After cellaring, the yeast sediment is removed in a process called degorgement. The bottles are stored neck down to allow the yeast to settle near the cork; then the necks are flash-frozen, and the bottle is uncorked. After the yeast plug is removed, a new cork is placed on the bottle. And voila! Champagne-like beer.
On this day in 1834, the Spanish parliament formally disbanded the Inquisition, which was created in 1480 by monarchs Ferdinand and Isabella. It was revived in 1970 by the Monty Python troupe—when no one was expecting it.
And now…The Mash!
We begin in Amsterdam, which is having a rainy summer. That’s good new for a group of entrepreneurs who are gathering rainwater and using to brew a pale ale called “Hemelswater: code blond”.

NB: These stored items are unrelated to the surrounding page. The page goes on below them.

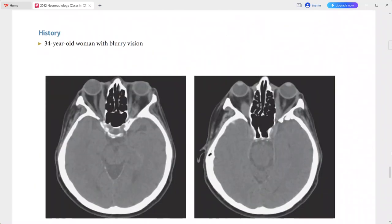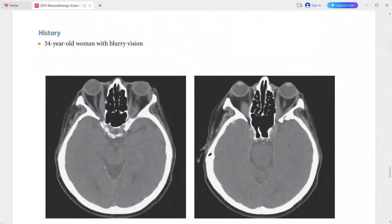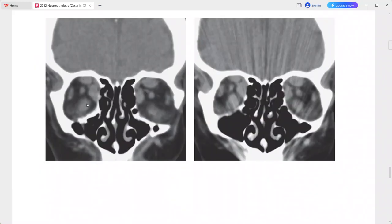Next is a 34-year-old woman presenting with blurred vision. CT images show enlargement of the inferior, medial, and superior rectus muscles in both orbits. However, the lateral rectus muscle and oblique muscle appear relatively spared and are of normal size.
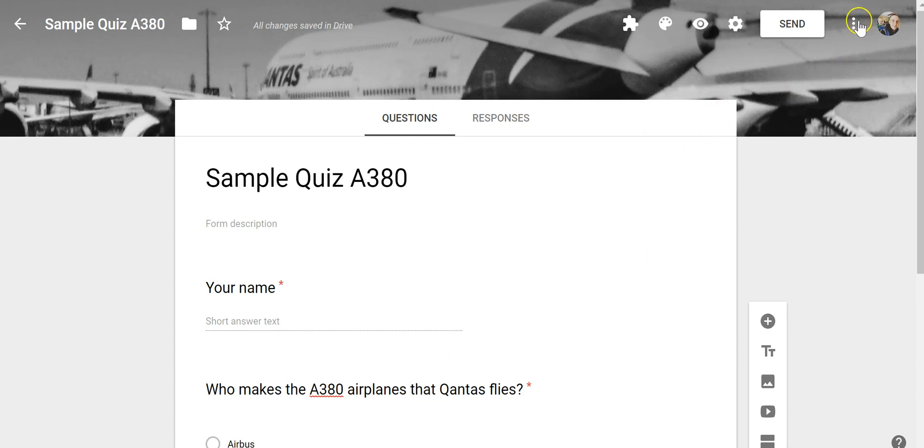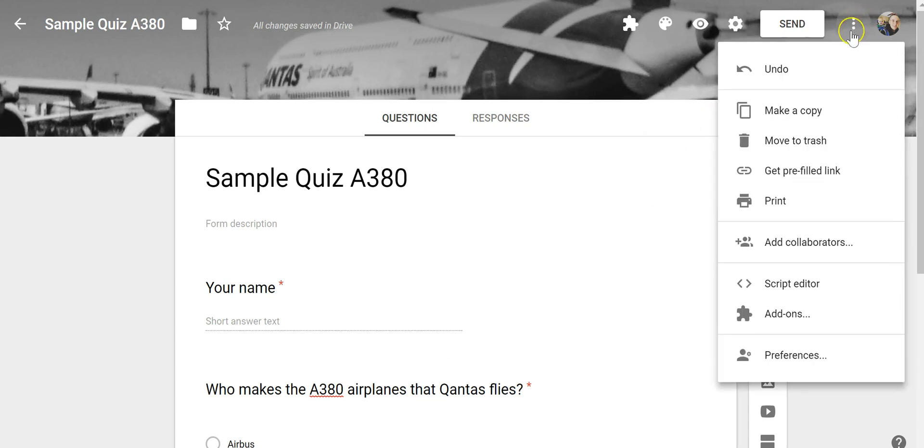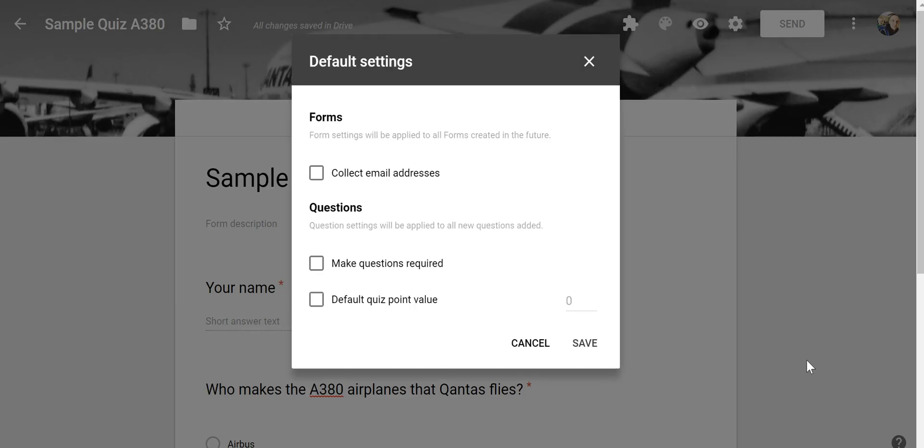In the upper right hand corner we'll open the menu and select Preferences and I'm going to set a default point value for every quiz question.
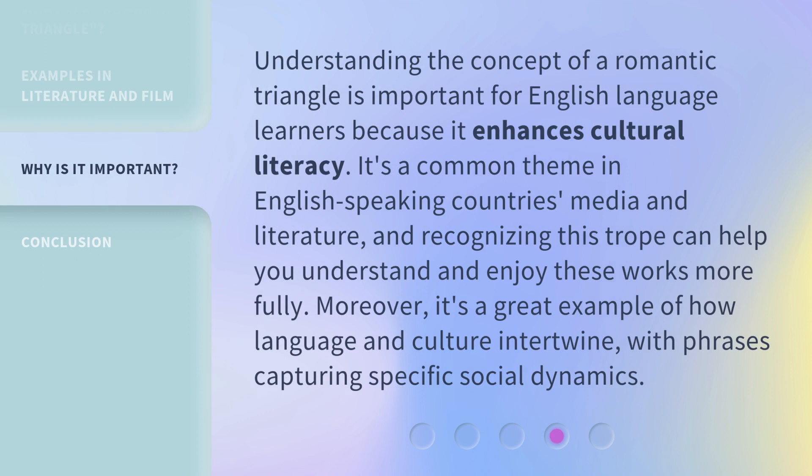Understanding the concept of a romantic triangle is important for English language learners because it enhances cultural literacy. It's a common theme in English-speaking countries' media and literature, and recognizing this trope can help you understand and enjoy these works more fully. Moreover, it's a great example of how language and culture intertwine, with phrases capturing specific social dynamics.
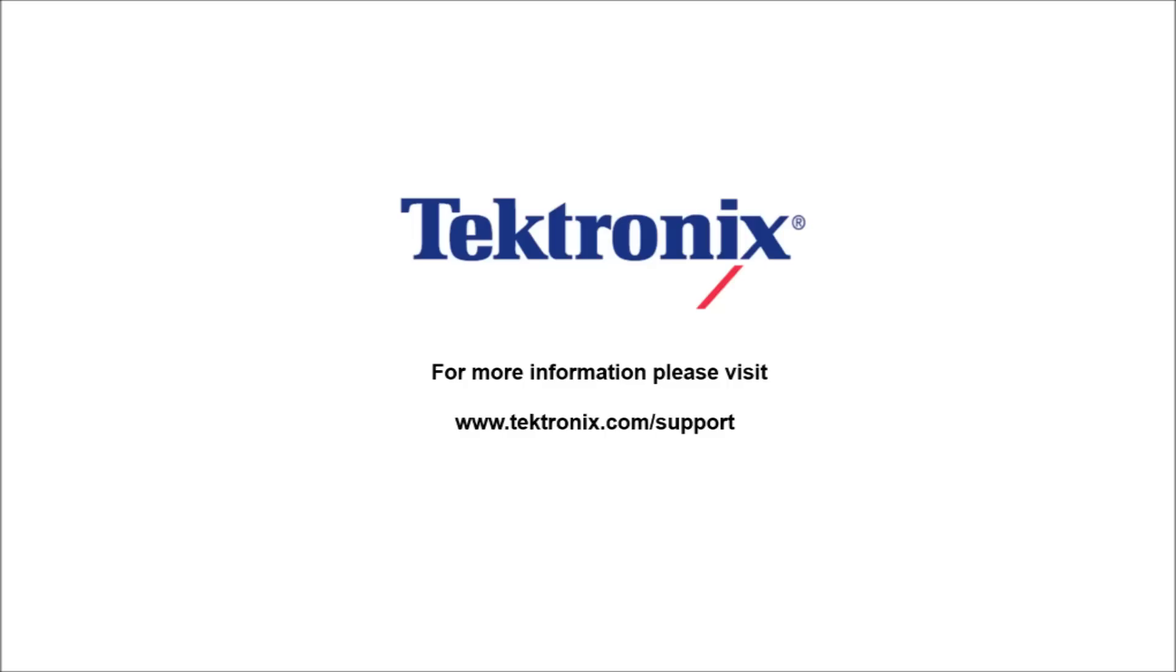Thank you for watching this video. For more information about anything you've seen here, please contact us at tektronix.com/support.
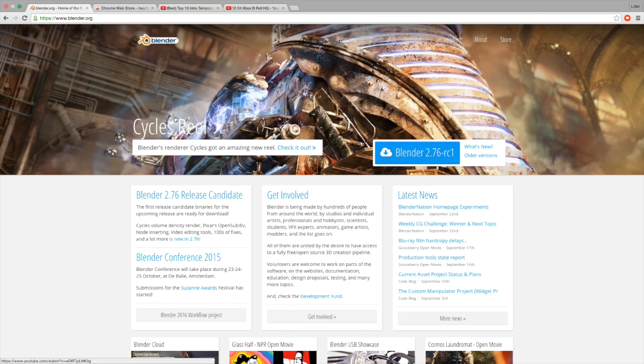If you ever wanted to make an intro of your own, whether it's a template or a brand new custom intro, but you've never had enough money to buy Cinema 4D or an expensive program like that, well I've got a video for you on how to make a free intro.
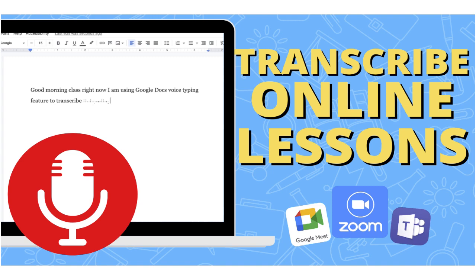In this quick video, I'm going to show you how your students can automatically transcribe everything said in an online lesson.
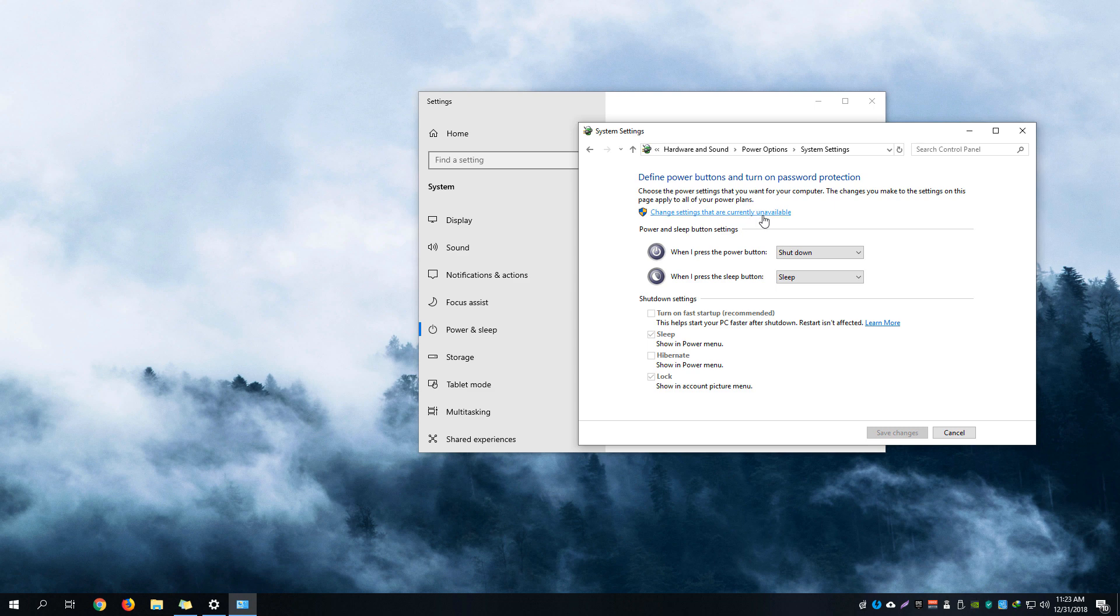are currently unavailable.' Click that and make sure that you are on an administrator account on Windows 10.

The newly-opened Tilted Mash Brewing got a big boost from judges at this year’s California State Fair. A third-place showing in the competitive Pale Ale category gave the brewery instant credibility.
Beer, then whiskey. Chicago’s Wander North Distillery is distilling beer mash from its next-door neighbor, Northgate Brewing. The first whiskey in the series is called Uncharted 1.

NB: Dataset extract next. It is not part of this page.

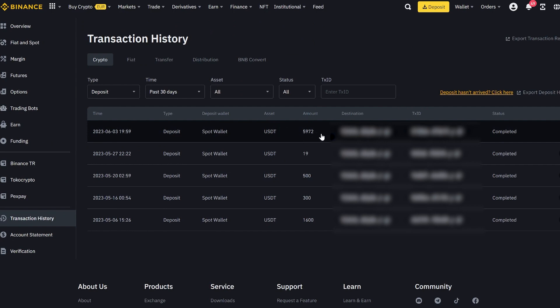You can use this method for several rounds in a row, but no more than three times. Have a successful day. Thank you for your attention.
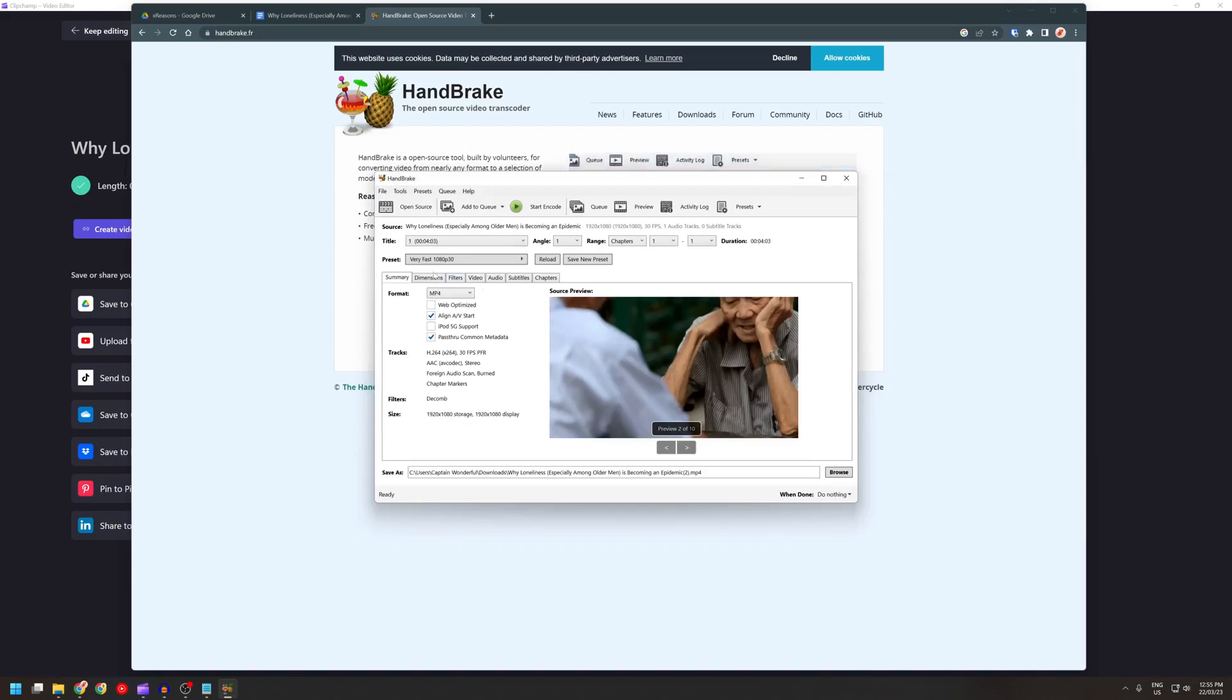I use Very Fast 1080p30 and I select Web Optimized, and then encode it. It only takes a minute or two.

William Turton and Bryan Mengus of Gizmodo.com tried three popular brands of non-alcoholic beer. The best of the three “tasted like carbonated water with some beer flavoring thrown in”, the worst was “disgusting”.
Engineers at Heineken have discovered a way to dispense beer at high altitudes. Once the airline gets the necessary safety certificates, it will start serving in-flight draft beer.

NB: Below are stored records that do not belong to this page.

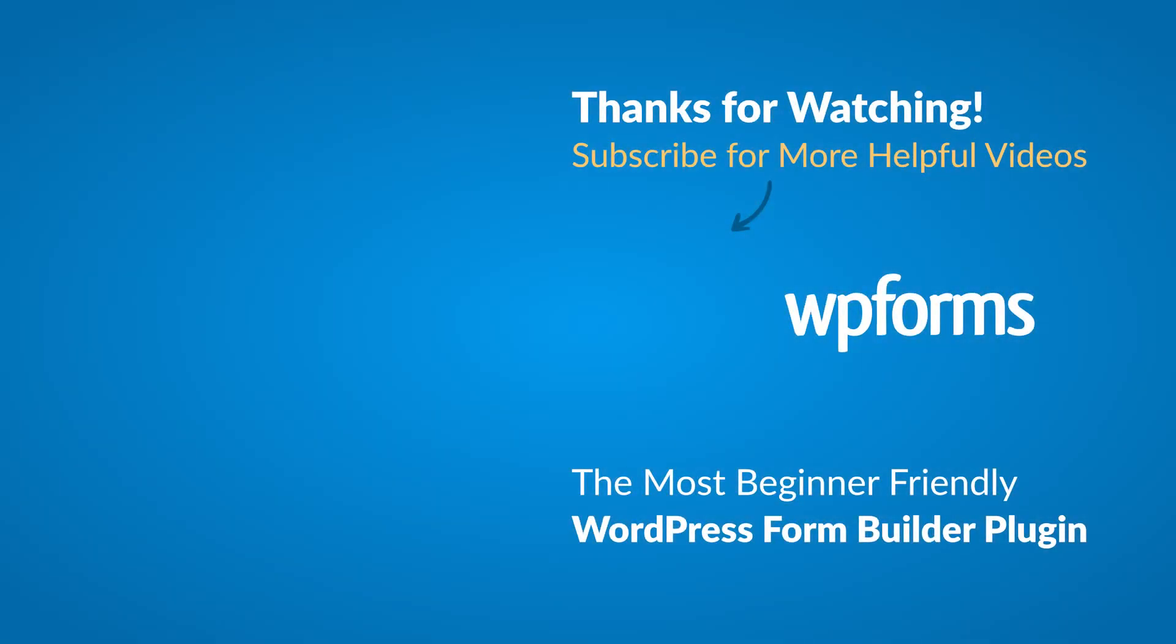Hey everybody, this is Daisy with WPForms. Thank you so much for watching and if you enjoyed this video or found it helpful, please give it a like and subscribe to our YouTube channel, where I can show you how to build smarter forms with WPForms through our how-to videos and more.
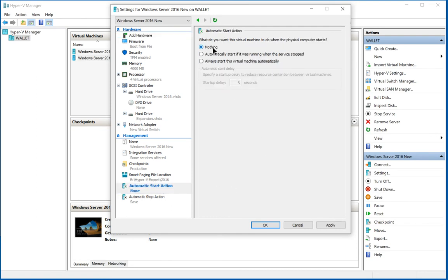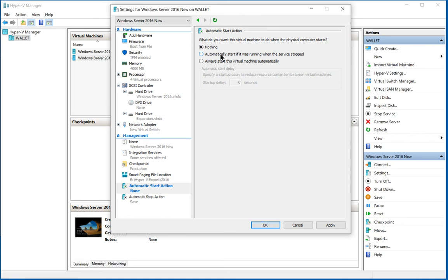So what this does is when we restart the host—in this case, a Windows 10 computer running Hyper-V—you can tell it to do one of three things. You can have it do nothing with the virtual machine. This is set per virtual machine, and in this case we can say do nothing, don't turn it on when the host gets restarted.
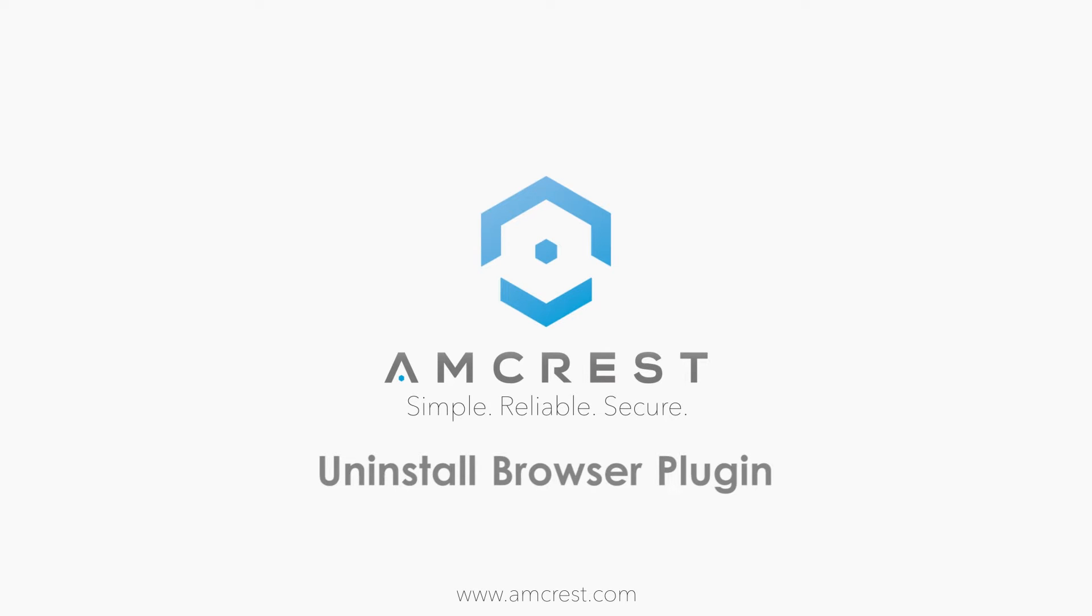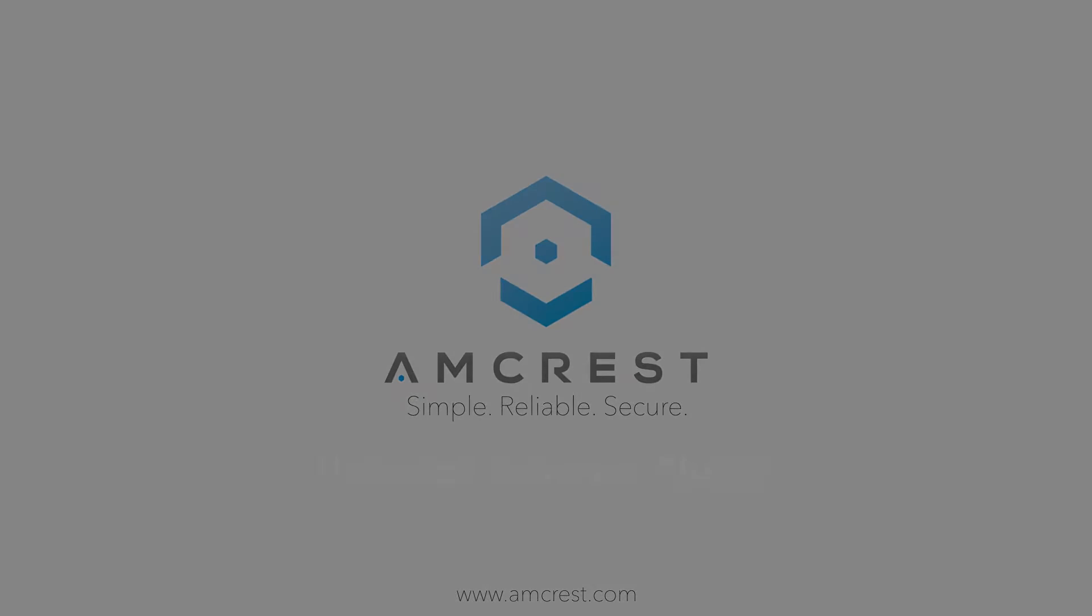Hey guys, this is Basel. Today we'll be showing you how to uninstall the browser plugin for your 960h DVR.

How intense has beer trademark litigation gotten? Twelve lawyers filed challenges to Candace Moon’s application to trademark the phrase “Craft Beer Attorney”.
Finally, two IT consultants from Michigan have developed an app for beer festivals. It allows festival-goers to see what beers are available, develop a customized list, and rate the beers after tasting them.
Denmark’s TO ØL Brewery has released six beers whose names and labels touched off Da Vinci Code-level sleuthing on both sides of the Atlantic. The beers have names such as “Mr. Blue”, and strange alphanumeric symbols on the label: a letter, a colon, and digits.
It turns out that the alphanumeric characters represent Cyan-Magenta-Yellow-Key symbols used for four-color process printing. For example, Mr. Blue’s C:98, M:8, Y:6, K:0 is the printing “recipe” for the color blue. Other colors in the series include Blonde, Brown, Orange, Pink, White, and a forthcoming Brown.
The mystery doesn’t end there. The beers’ colorful names are tied to the 1992 film Reservoir Dogs in which the gem thieves adopted the names of colors as their aliases.
Finally, the brewery’s name is part of the story. In Danish, “ØL” is similar to the English word ale. It’s also an abbreviated adaption of the brothers’ first names. In other words the name signifies, in English, “Two Founders, Two Beers”.
Miller Lite is an American icon but George Weissman, the man behind its creation, was suspected by the government of being a Communist. For decades, the FBI maintained a file on Weissman. Gawker’s Matt Novak filed a Freedom of Information Act request to access the Weissman file—which had been transferred to the National Archives.
The 26 pages of documents detail Weissman’s alleged associations with the Communist Party in the 1940s, both before and after he served in the U.S. Navy during World War II. The FBI also followed up in the 1970s when it investigated Weissman’s involvement with an organization called Executives Move For Peace in Vietnam. Novak observes, “It appears that the FBI considered protesting the war in Vietnam to be more dangerous than selling a product that killed tens of thousands of Americans every year”. That product was cigarettes; Weissman also created another American icon: the Marlboro Man.
The last page in the Weissman file suggests that the White House asked about him in October 1973. It in’t entirely clear from the file why the Nixon administration was interested in Weissman, though it was later revealed that he appeared on one of Nixon’s many political enemies lists.